Point 2: Are LLMs safer than other approaches?
I agree that this is a questionable proposition. I think it's worth questioning. Aiming progress at easier-to-align approaches seems highly worthwhile.
I agree that an LLM may have something like a mind inside. I think current versions are almost certainly too dumb to be existentially dangerous (at least directly - if a facebook algorithm can nearly cause an insurrection, who knows what dangerous side effects any AI can have).

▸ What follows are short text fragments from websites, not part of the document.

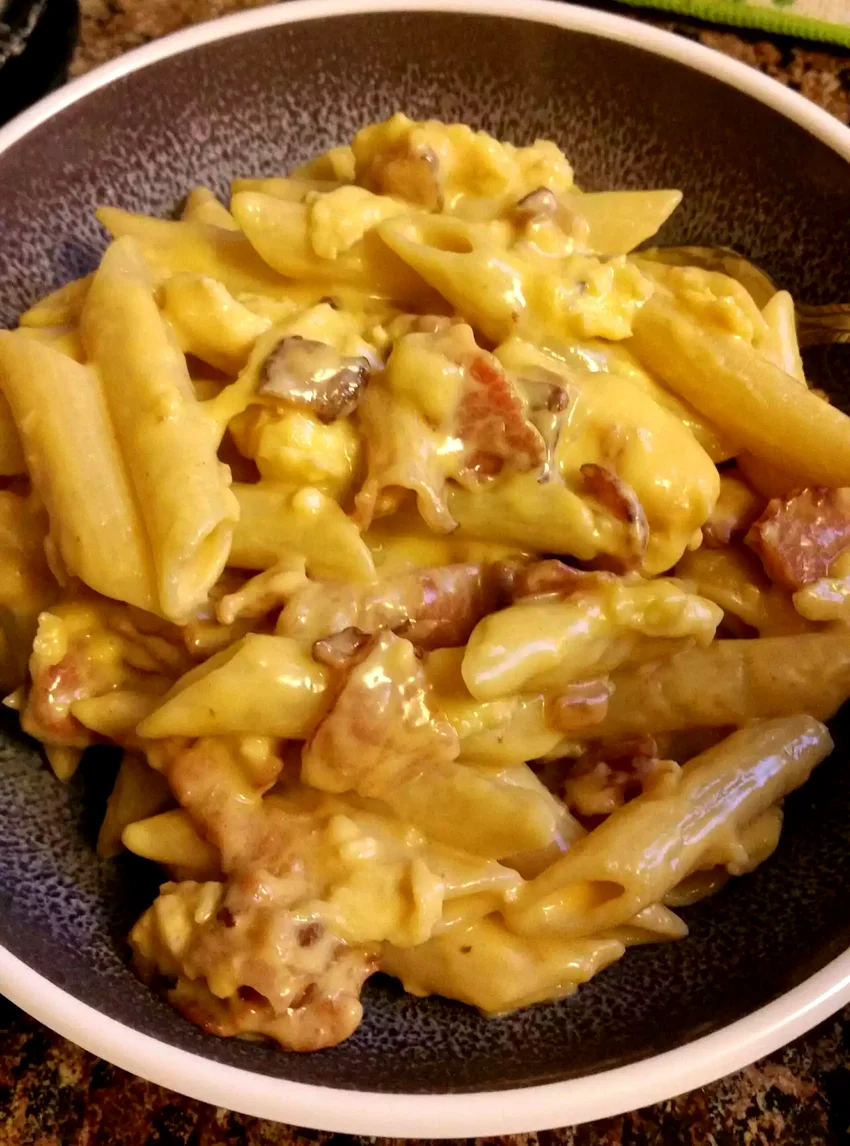 22 Simple, Melty Recipes That Begin With Velveeta Bacon & Eggs Spaghetti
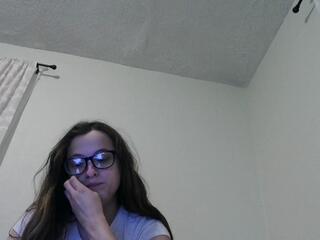 Bambi Bi webcam model stream image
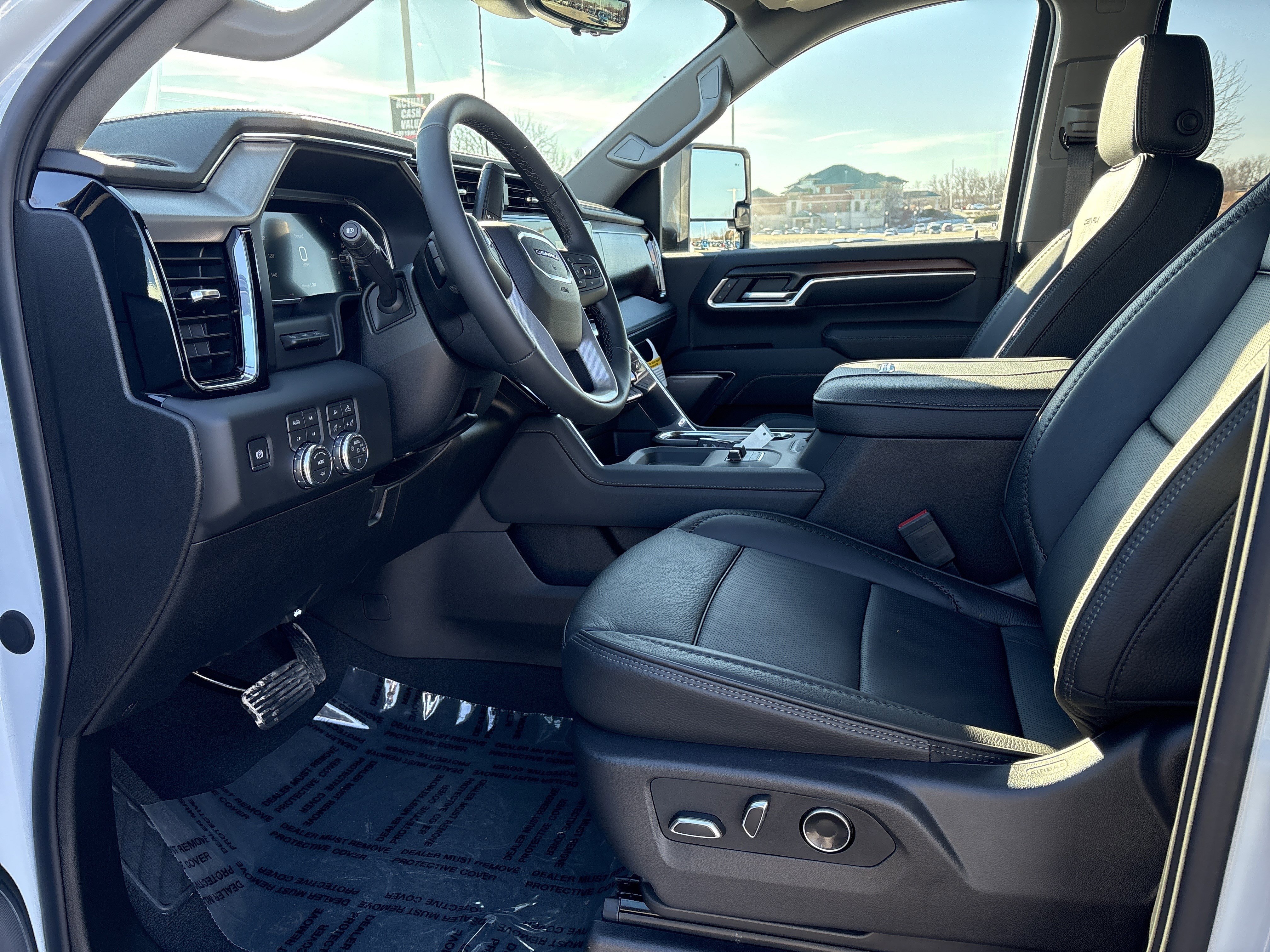 New 2026 GMC Sierra 3500 Denali w/ Denali Reserve Package image 10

I'm less worried about GPT10 playing a superintelligent, Waluigi-collapsed villain than I am about a GPT6 that has been amplified to agency, situational awareness, and weak superintelligence by scaffolding it into something like a cognitive architecture. I think this type of advance is inevitable. ChatGPT extensions and Bing Chat both use internal prompting to boost intelligence, and approaches like SmartGPT and Tree of Thoughts massively improve benchmark results over the base LLM.

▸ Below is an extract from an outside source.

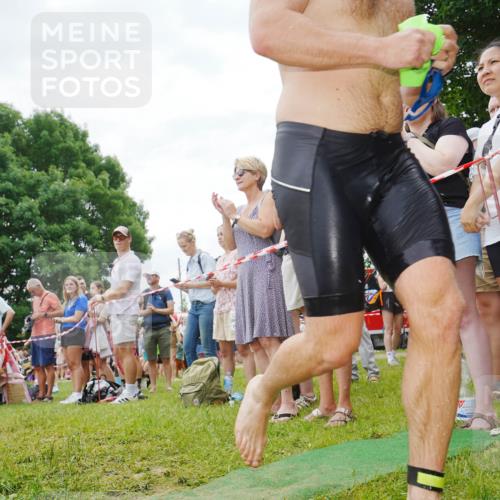 21.06.2026 - 29. Vierlanden-Triathlon LAZAROV Photography http://msf.ph/oto/9859390 21.06.2026 11:03:05 Schwimmen 659, 688, 705, 727, 757 meine-sportfotos.de
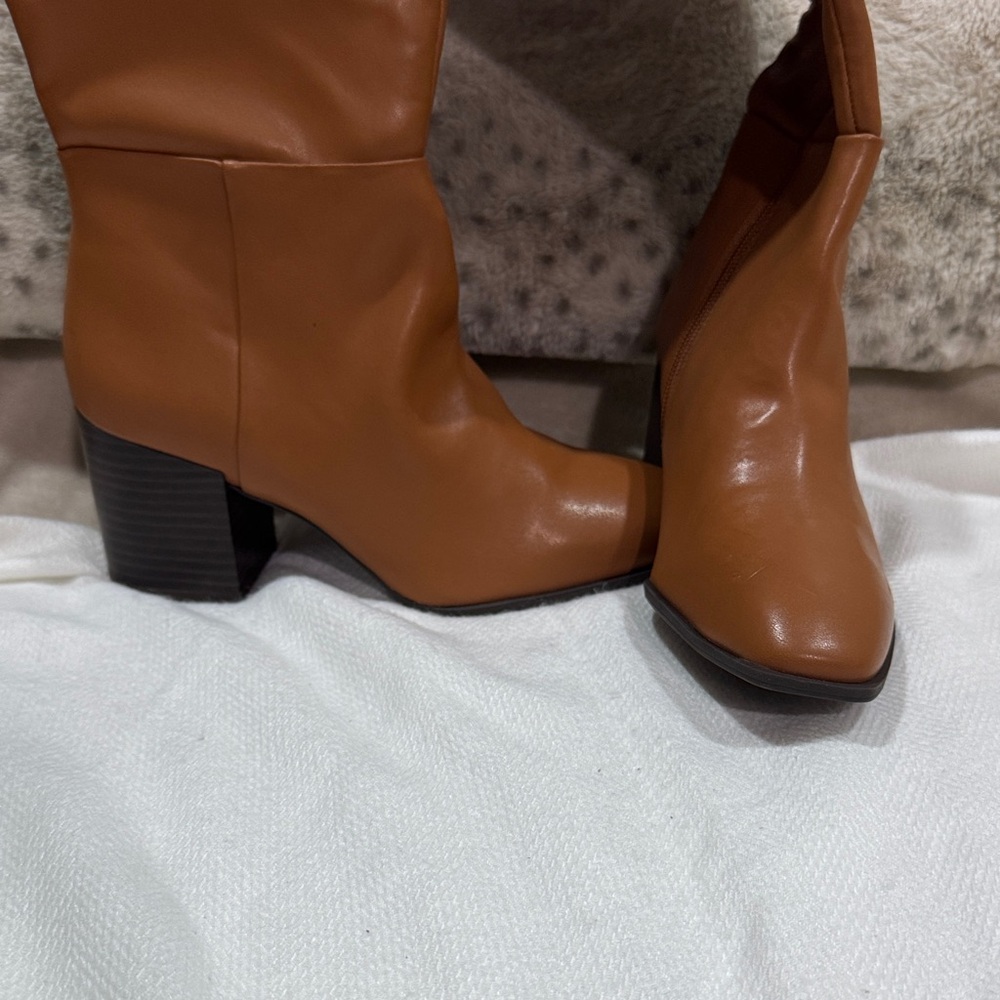 Stylish Tan Heeled Boots for Women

Fortunately, this direction also has huge advantages for alignment. It has a very low alignment tax, since you give them additional goals in natural language, like "support human empowerment" or whatever the SOTA alignment goal is. And they have vastly better interpretability since they're at least summarizing their thoughts in natural language.

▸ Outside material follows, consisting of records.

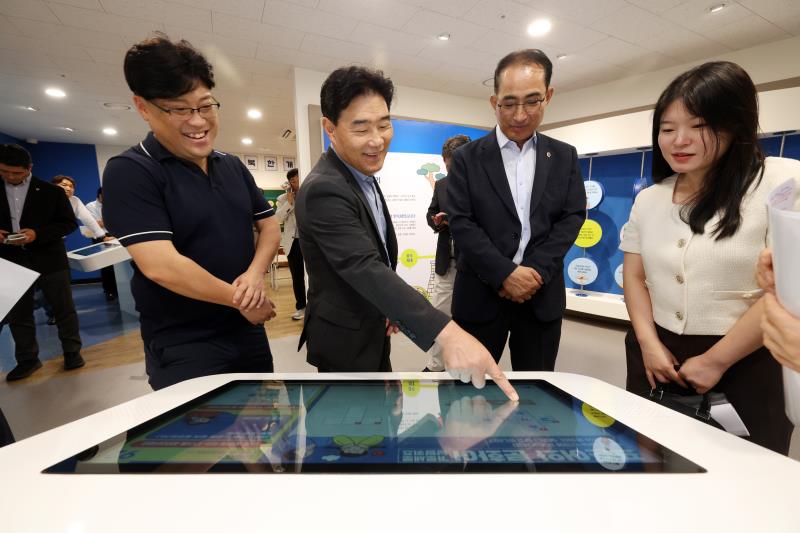 기획재정위원회 경기권 통일플러스센터 현장방문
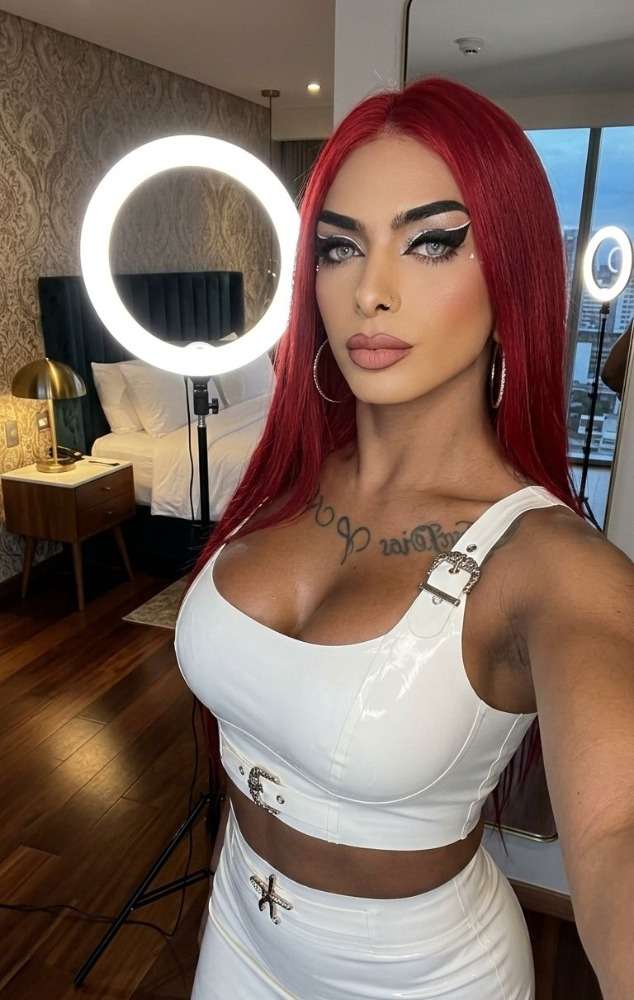 Escort Laura Snake - Ibizahoney - 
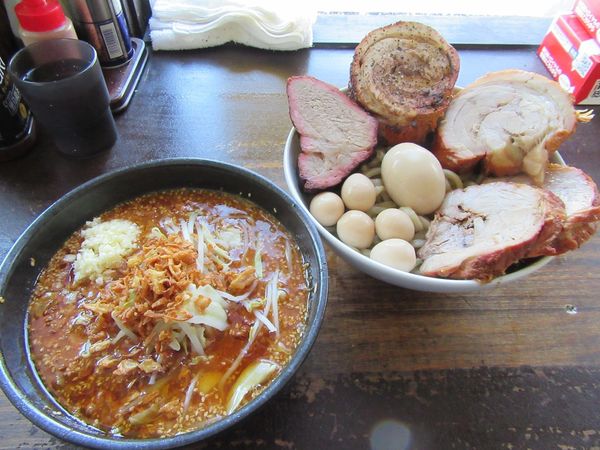 「大つけめんじろ（９３０円）＋釜焼き豚＋超大型豚＋超大型豚炙り」@めんじろの写真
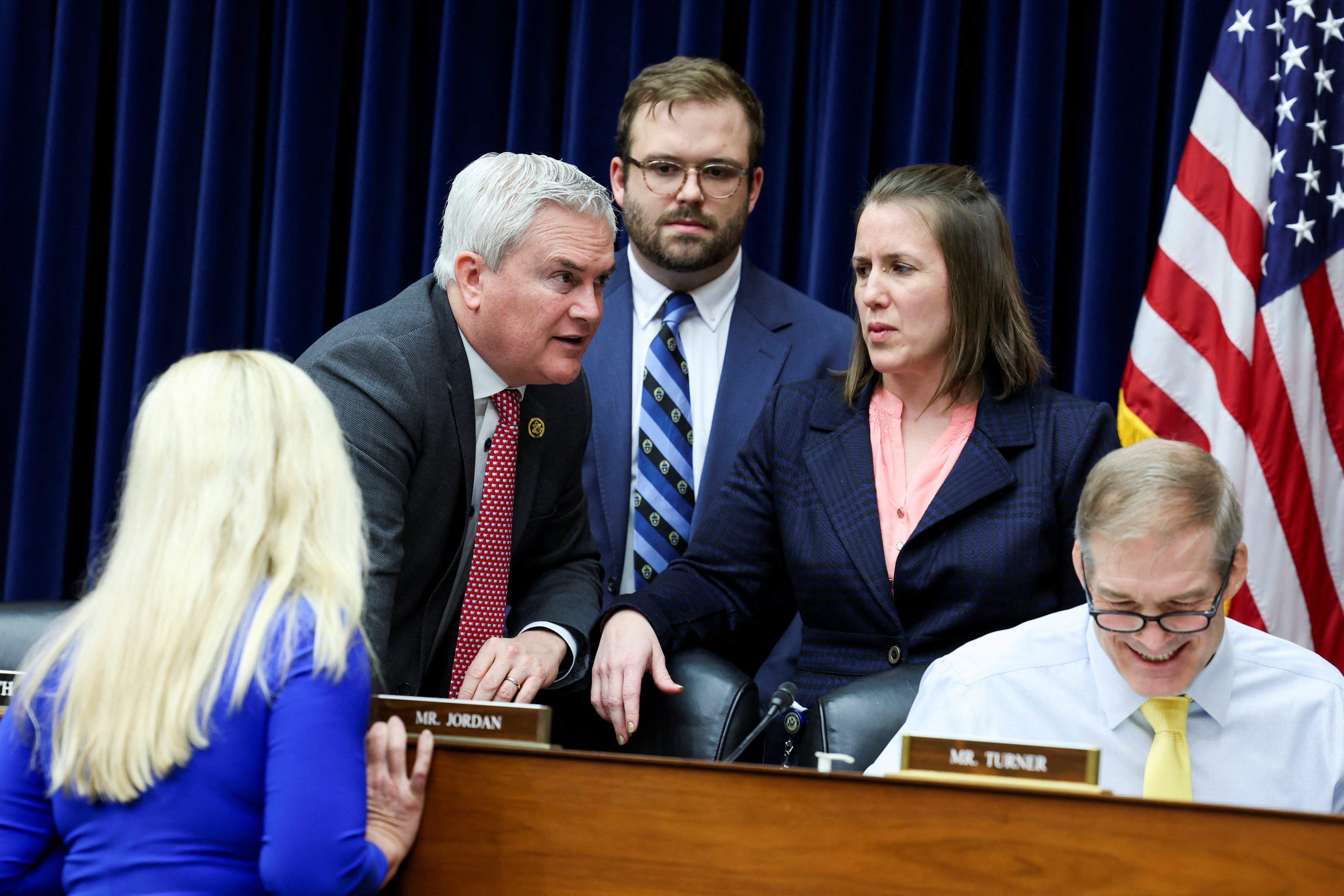 

<p>Chairman James Comer (R-KY) consults with his colleagues</p>
<p>” height=”3666″ width=”5500″ layout=”responsive” i-amphtml-layout=”responsive”><i-amphtml-sizer slot=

Here's where your skepticism that they're being honest about summarizing those thoughts comes into full force. I agree that it's not reliable; for instance, changing the intermediate answer in chain of thought prompting often doesn't change the final output, indicating that that output was for show.
However, a safer setup is to never use the same model twice. When you use chain-of-thought reasoning, construct a new context with the relevant information from memory; don't just let the context window accrue, since this allows fake chains-of-thought and the collapse of the simulator into a waluigi.
Scaffolded LLMs should not turn an LLM into an agent, but rather create a committee of LLMs that are called for individual questions needed to accomplish that committee's goals.
This isn't remotely a solution to the alignment problem, but it really seems to have massive upsides, and only the same downsides as other practically viable approaches to AGI.
To be clear, I only see some form of RL agents as the other practical possibility, and I like our odds much less with those.
I think there are other, even more readily alignable approaches to AGI. But they all seem wildly impractical. I think we need to get ready to align the AGI we get, rather than just preparing to say I-told-you-so after the world refuses to forego massive incentives to take a much slower but safer route to AGI.
To paraphrase, we need to go to the alignment war with the AGI we get, not the AGI we want.